■ TASK PROMPT ■
Only the pictures stay out; every record is to be quoted exactly.

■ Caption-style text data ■

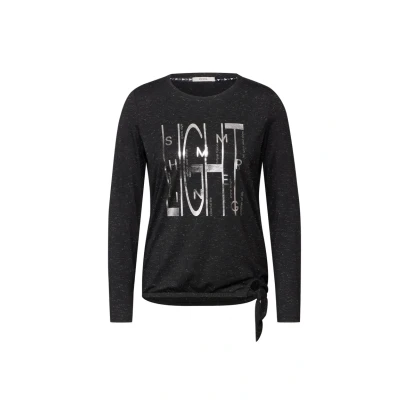 Abbildung von Cecil MIT Artwork Langarmshirt, Damen, Größe: Large, Schwarz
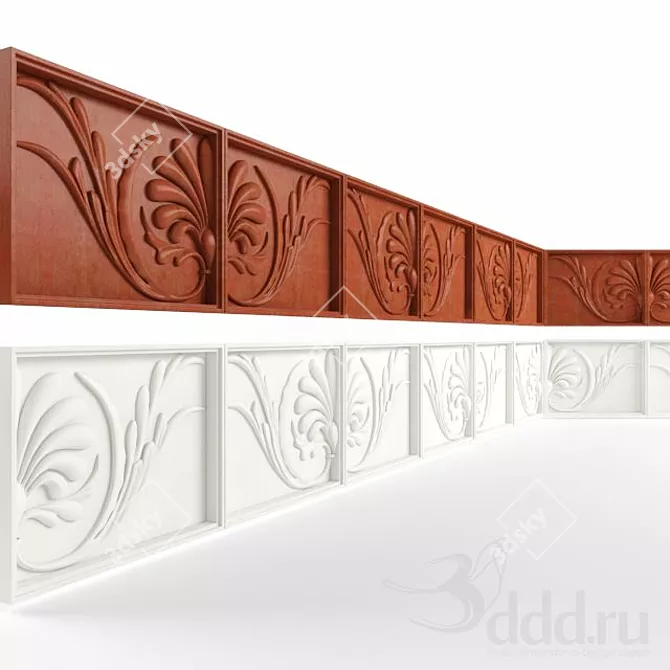 Natural Wood Relief Panel 3D model image 1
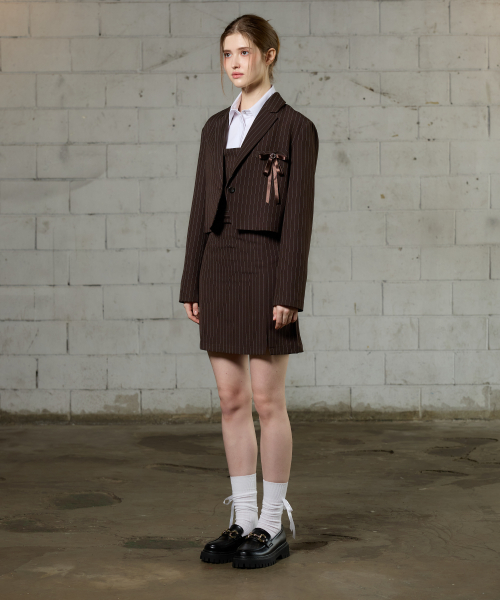 MEOW CROP BLAZER / коричневый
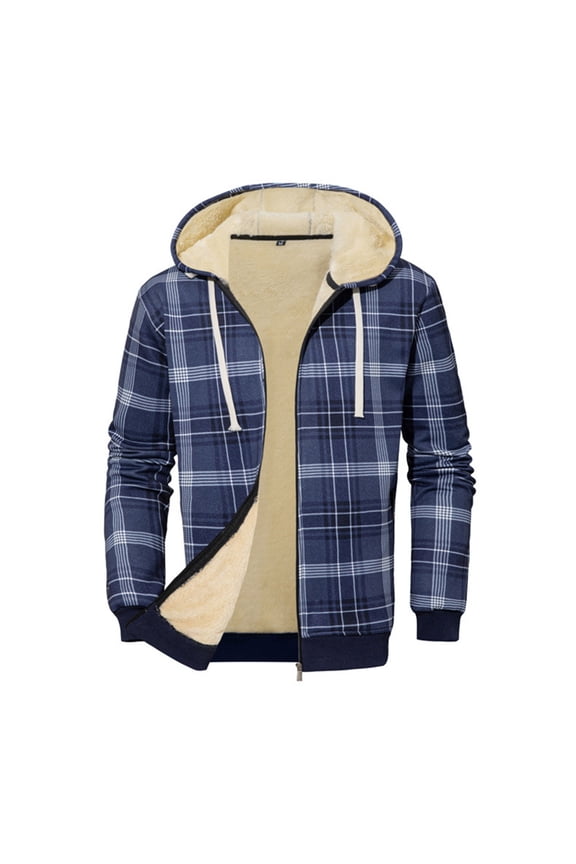 Men's Hooded Zip Fleece-Lined Thick Plaid Jacket, Casual Sports Outerwear, Blue, L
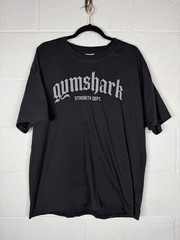 Gymshark Strength Dept Graphic T Shirt XL Black Oversized Gothic Logo Gym Tee￼
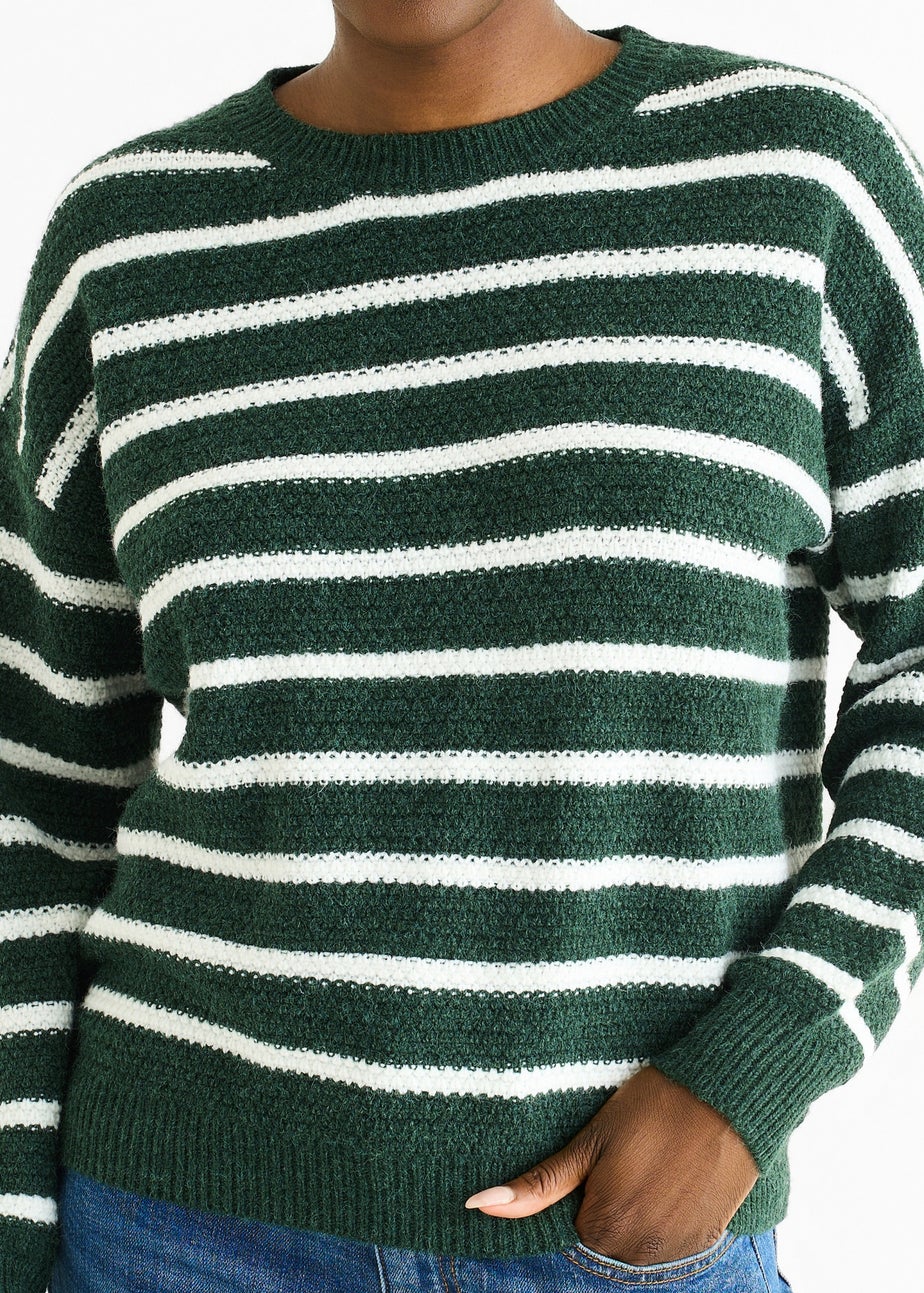 Gini London Green Stripe Chunky Knit Oversized Jumper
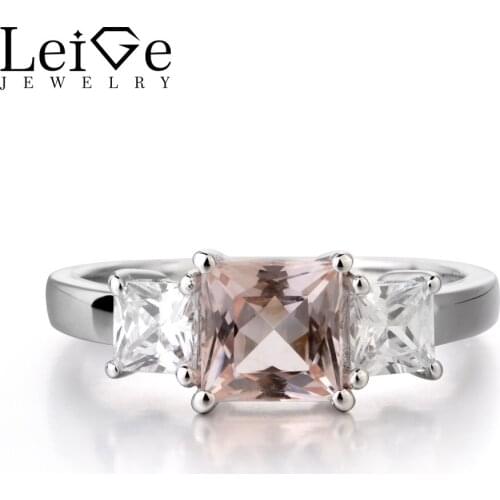 Leige Jewelry Natural Pink Morganite Ring Engagement Ring Princess Cut Pink Gemstone 925 Sterling Silver Gifts for Girlfriend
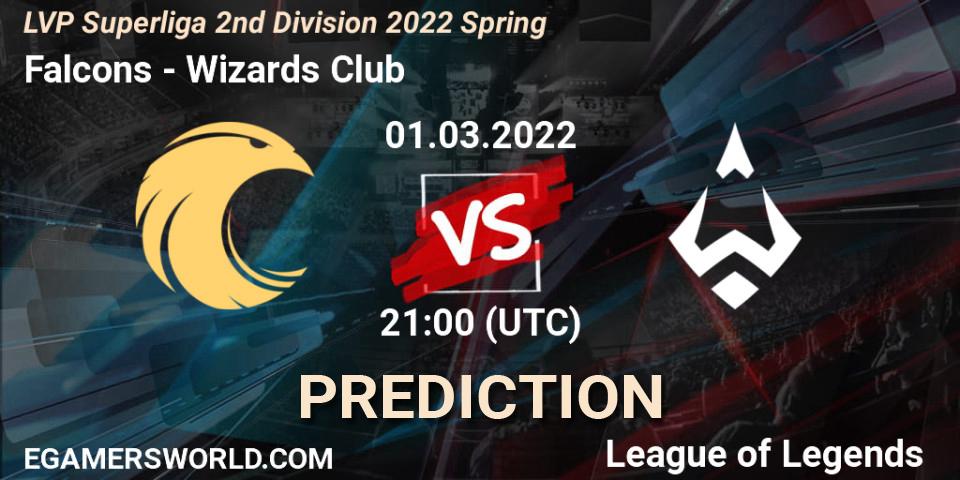 Pronóstico Falcons - Wizards Club. 01.03.2022 at 21:00, LoL, LVP Superliga 2nd Division 2022 Spring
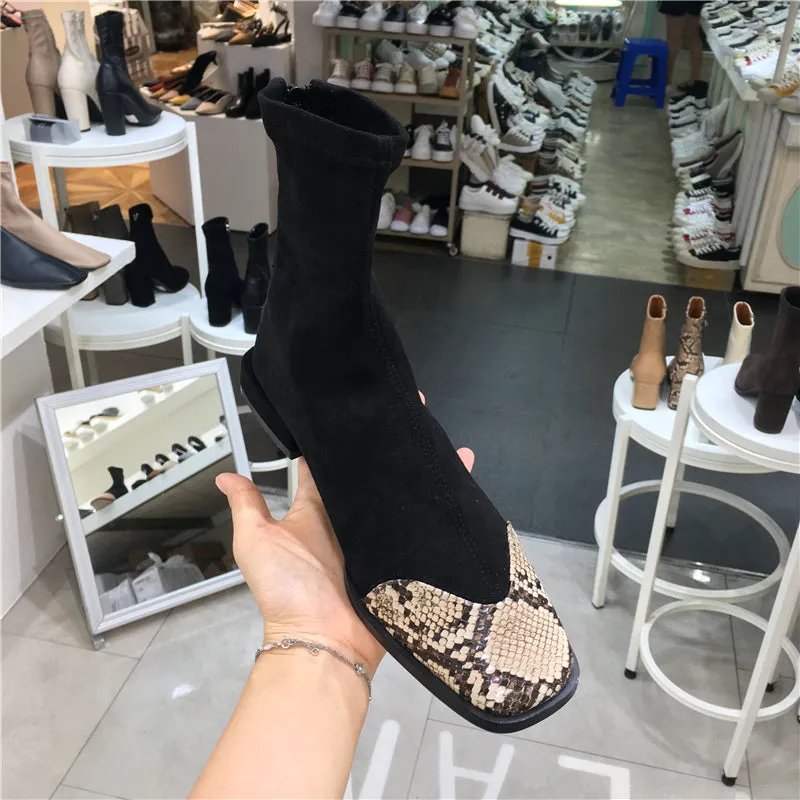 LUXE SEVEN DESIGN CONTRAST TOE PULL ON SOCK BOOTS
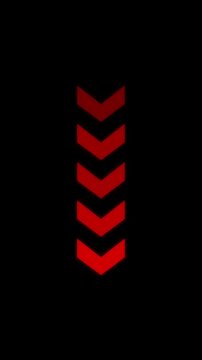 Red glowing chevron arrow sign pointing down on black background direction indicator abstract design neon direction indicator abstract design neon
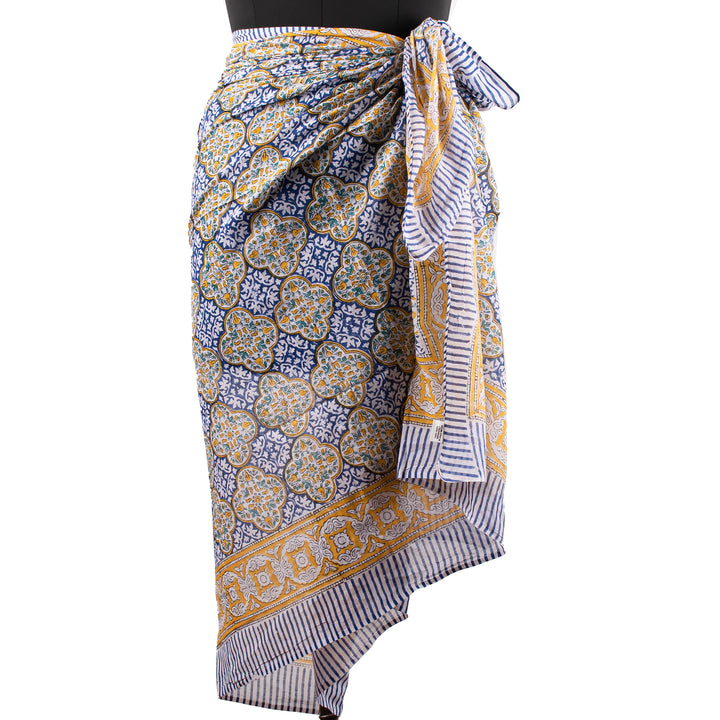Hand Block Cotton Gift Set | Scarf, Makeup Bag, Sarong Combo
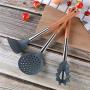 Cooking Tool Sets - 9pcs Set Silicone Utensils Wooden Handle Cooking Spoon Shovel Whisk Strainer Tongs Non Stick - Tool Cooking Sets Cooking Tool Sets Spoon Kitchen Shovel Garden Wooden U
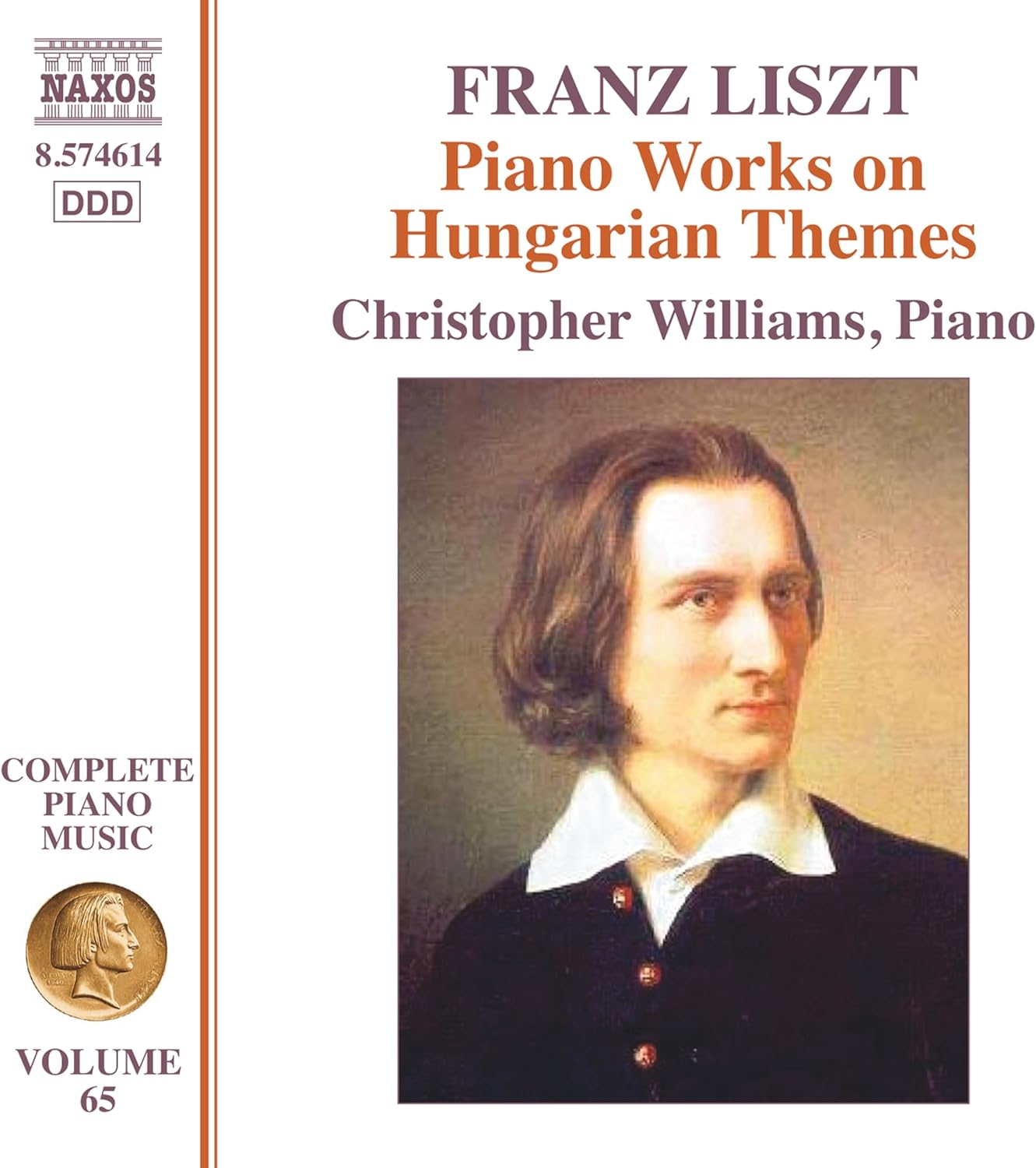 CD cover featuring a portrait of Franz Liszt and text details.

■ RESULT OF THE TASK ■
 Abbildung von Cecil MIT Artwork Langarmshirt, Damen, Größe: Large, Schwarz
 Natural Wood Relief Panel 3D model image 1
 MEOW CROP BLAZER / коричневый
 Men's Hooded Zip Fleece-Lined Thick Plaid Jacket, Casual Sports Outerwear, Blue, L
 Gymshark Strength Dept Graphic T Shirt XL Black Oversized Gothic Logo Gym Tee
 Gini London Green Stripe Chunky Knit Oversized Jumper
 Leige Jewelry Natural Pink Morganite Ring Engagement Ring Princess Cut Pink Gemstone 925 Sterling Silver Gifts for Girlfriend
 Pronóstico Falcons - Wizards Club. 01.03.2022 at 21:00, LoL, LVP Superliga 2nd Division 2022 Spring
 LUXE SEVEN DESIGN CONTRAST TOE PULL ON SOCK BOOTS
 Red glowing chevron arrow sign pointing down on black background direction indicator abstract design neon direction indicator abstract design neon
Hand Block Cotton Gift Set | Scarf, Makeup Bag, Sarong Combo
 Cooking Tool Sets - 9pcs Set Silicone Utensils Wooden Handle Cooking Spoon Shovel Whisk Strainer Tongs Non Stick - Tool Cooking Sets Cooking Tool Sets Spoon Kitchen Shovel Garden Wooden U
 CD cover featuring a portrait of Franz Liszt and text details.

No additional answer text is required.